14. Systeem volgens conclusie 13, waarbij de eerste grijper een grijpmond omvat ingericht voor het omsluiten van ten minste een deel van een hoek van het platgoed object.
15. Systeem volgens conclusie 13 of 14, verder omvattende een aandrijfeenheid voor het verplaatsen van de eerste grijper richting de door het neurale netwerk bepaalde locatie.
18. Systeem volgens een van conclusies 13-15, waarbij ten minste één eerste grijper, en in het bijzonder de grijpmond, roteerbaar is over ten minste 180 graden, bij voorkeur 360 graden, over een rotatie-as.
17. Systeem volgens een van conclusies 13-16, waarbij de tweede grijper is ingericht voor het optillen van ten minste een deel van de tweede hoek alvorens de hoek aan te grijpen.
18. Systeem volgens een van conclusies 13-17, waarbij het draagoppervlak ten minste gedeeltelijk luchtdoorlatend is.
19. Systeem volgens een van conclusies 13-18, omvattende ten minste één klem ingericht voor het vasthouden van een distaal einde van het platgoed object dat tegenover de eerst goed is gelegen.

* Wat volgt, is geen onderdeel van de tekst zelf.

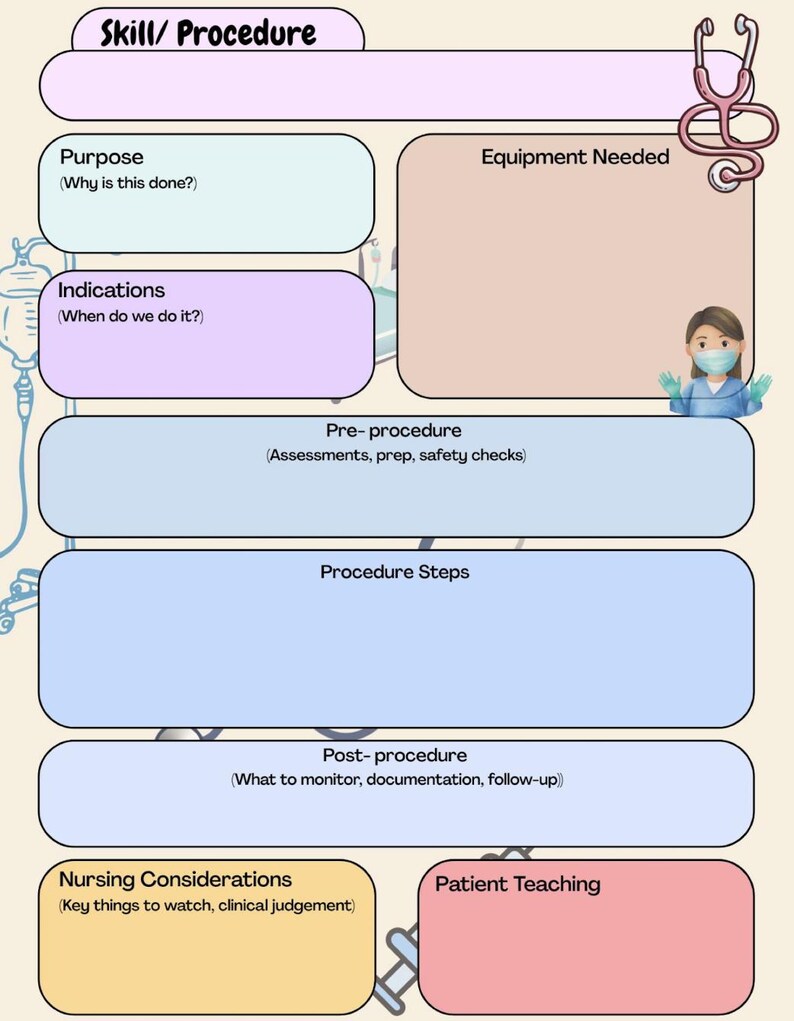 May include: A medical procedure template with sections for purpose, indications, pre-procedure, procedure steps, post-procedure, nursing considerations, and patient teaching. A stethoscope and a nurse graphic are included.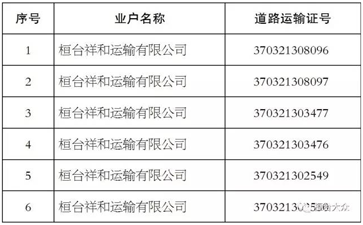 【大件運(yùn)輸公告】這些道路運(yùn)輸公司注銷了！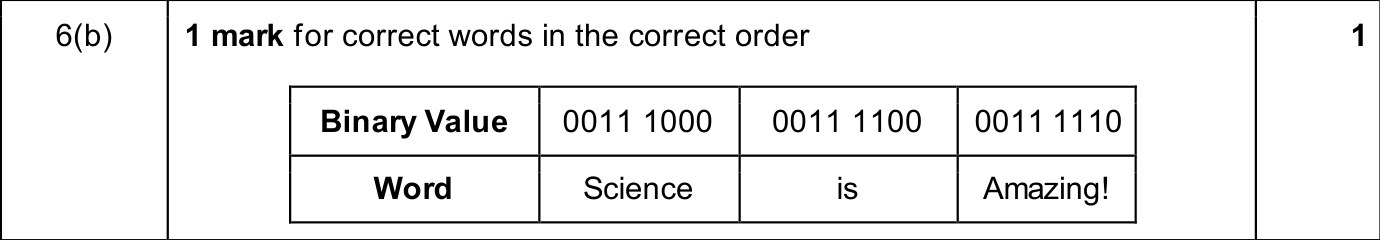 9618_w25_qp_12_sc_6.b Mark Scheme Image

20. Systeem volgens een van conclusies 13-19, waarbij de ten minste ene eerste grijper en de tweede grijper onafhankelijk beweegbaar en bestuurbaar zijn.
21. Systeem volgens een van conclusies 13-20, waarbij de eerste visuele beeldvormingsinrichting en/of de tweede visuele beeldvormingsinrichting een camera omvat.
22. Systeem volgens een van conclusies 13-21, omvattende ten minste één luchtmes.
23. Gebruik van een systeem volgens een van conclusies 13-22.